Tra le recenti "liberalizzazioni" per le donne è stata inserita la possibilità di andare in bicicletta, mentre resta il divieto di guidare la macchina.

La doppia strategia

Emile Nakhleh, professore e ricercatore dell'Università di New Messico, e autore di "A Necessary Engagement: Reinventing America's Relations with the Muslim World", sostiene che "la verità è che negli ultimi quattro anni, il governo degli Stati Uniti non ha criticato le politiche antidemocratiche, corrotte e repressive dell'Arabia Saudita". Secondo l'analista in Arabia Saudita è in progetto un programma che ha la finalità di persuadere i giovani ad abbandonare il radicalismo e il terrorismo. "La doppia strategia - continua Nakhleh - è impartire insegnamenti islamici moderati e offrire lavoro e sostegno economico a chi acquista una casa e vuole sposarsi".

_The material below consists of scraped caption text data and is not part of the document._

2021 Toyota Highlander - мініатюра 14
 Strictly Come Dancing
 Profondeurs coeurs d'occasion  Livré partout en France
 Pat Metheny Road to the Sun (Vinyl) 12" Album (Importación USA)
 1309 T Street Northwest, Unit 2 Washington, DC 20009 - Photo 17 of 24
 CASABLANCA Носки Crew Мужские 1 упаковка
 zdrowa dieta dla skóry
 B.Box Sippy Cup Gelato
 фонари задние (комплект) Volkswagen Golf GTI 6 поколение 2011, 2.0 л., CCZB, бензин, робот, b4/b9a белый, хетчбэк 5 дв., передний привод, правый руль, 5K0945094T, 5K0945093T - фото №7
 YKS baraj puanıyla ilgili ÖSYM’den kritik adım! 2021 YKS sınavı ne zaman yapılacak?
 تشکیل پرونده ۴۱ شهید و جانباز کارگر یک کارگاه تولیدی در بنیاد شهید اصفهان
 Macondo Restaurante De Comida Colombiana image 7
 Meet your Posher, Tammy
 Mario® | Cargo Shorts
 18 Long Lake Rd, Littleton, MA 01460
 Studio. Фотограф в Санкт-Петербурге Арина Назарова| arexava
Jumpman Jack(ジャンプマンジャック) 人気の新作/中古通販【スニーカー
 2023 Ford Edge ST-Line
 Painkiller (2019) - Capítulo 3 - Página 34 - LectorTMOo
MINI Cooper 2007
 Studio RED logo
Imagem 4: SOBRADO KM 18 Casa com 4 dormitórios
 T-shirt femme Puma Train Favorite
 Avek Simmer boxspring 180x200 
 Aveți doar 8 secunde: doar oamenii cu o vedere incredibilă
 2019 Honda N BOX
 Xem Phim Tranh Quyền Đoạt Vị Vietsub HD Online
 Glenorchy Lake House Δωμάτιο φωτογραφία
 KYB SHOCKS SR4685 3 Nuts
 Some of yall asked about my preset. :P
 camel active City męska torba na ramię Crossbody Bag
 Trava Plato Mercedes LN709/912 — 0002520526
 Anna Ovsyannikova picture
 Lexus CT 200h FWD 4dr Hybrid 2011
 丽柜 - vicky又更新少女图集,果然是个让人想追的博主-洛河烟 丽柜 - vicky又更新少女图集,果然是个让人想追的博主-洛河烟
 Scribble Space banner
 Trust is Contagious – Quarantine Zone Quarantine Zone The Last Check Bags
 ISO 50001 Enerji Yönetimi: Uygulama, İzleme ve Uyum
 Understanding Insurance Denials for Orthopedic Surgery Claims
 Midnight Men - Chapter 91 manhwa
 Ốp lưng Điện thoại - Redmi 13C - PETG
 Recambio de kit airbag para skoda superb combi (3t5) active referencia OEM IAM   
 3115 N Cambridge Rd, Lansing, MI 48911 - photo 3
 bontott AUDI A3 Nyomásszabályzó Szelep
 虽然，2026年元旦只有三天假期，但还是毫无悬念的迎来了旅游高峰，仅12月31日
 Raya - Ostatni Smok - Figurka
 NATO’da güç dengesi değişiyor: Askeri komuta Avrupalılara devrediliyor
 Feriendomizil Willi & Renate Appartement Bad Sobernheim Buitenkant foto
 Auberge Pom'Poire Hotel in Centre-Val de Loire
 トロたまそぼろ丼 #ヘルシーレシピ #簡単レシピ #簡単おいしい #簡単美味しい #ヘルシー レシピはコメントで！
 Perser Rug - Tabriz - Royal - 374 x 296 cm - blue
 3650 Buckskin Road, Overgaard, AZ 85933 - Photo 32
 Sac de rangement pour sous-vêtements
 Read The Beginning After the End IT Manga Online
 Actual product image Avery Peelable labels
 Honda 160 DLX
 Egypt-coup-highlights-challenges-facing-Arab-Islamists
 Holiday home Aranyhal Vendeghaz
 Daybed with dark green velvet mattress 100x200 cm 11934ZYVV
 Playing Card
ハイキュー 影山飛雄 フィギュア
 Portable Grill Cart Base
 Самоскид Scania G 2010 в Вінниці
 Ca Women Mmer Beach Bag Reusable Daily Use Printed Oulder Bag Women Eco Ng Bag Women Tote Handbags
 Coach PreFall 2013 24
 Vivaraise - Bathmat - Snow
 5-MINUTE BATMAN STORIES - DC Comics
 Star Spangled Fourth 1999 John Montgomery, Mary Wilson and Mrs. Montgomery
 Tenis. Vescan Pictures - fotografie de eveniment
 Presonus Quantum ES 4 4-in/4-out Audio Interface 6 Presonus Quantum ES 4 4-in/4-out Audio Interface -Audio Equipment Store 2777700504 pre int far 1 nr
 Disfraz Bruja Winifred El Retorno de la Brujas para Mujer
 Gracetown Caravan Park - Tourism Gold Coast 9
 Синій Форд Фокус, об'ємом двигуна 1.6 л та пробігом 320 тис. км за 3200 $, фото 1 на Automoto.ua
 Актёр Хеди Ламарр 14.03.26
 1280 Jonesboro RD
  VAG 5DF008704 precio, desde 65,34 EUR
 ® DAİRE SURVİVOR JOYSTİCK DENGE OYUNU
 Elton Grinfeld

La monarchia dovrà gestire problemi molto occidentali: l'alto indice di disoccupazione giovanile e la corruzione generalizzata.

La questione petrolifera

Un'altra questione è il tema del petrolio. L'Arabia saudita è il membro più forte e attivo dell'Organizzazione di Paesi Esportatori di Petrolio (Opec) e, a marzo, ha aumentato la sua produzione di 10,1 milioni di barili al giorno, l'indice più alto della storia secondo il registro dell'Agenzia Internazionale dell'Energia. Il Ministro del Petrolio saudita, Ali Al-Naimi, ha insistito nell'affermare che la monarchia non cederà quote di mercato, nonostante la concorrenza stia aumentando. In una comunicazione di Citigroup a Londra, Seth Kleinman, capo analista della ricerca energetica europea, ha affermato che "aumentare la produzione ed esportazione di petrolio è la nuova strategia petrolifera dell'Arabia saudita". "Se si vuole fare pressione sui produttori che spendono molto per la produzione - ha insistito Kleinman - perché frenare il petrolio? Bisogna usarlo tutto. Adesso".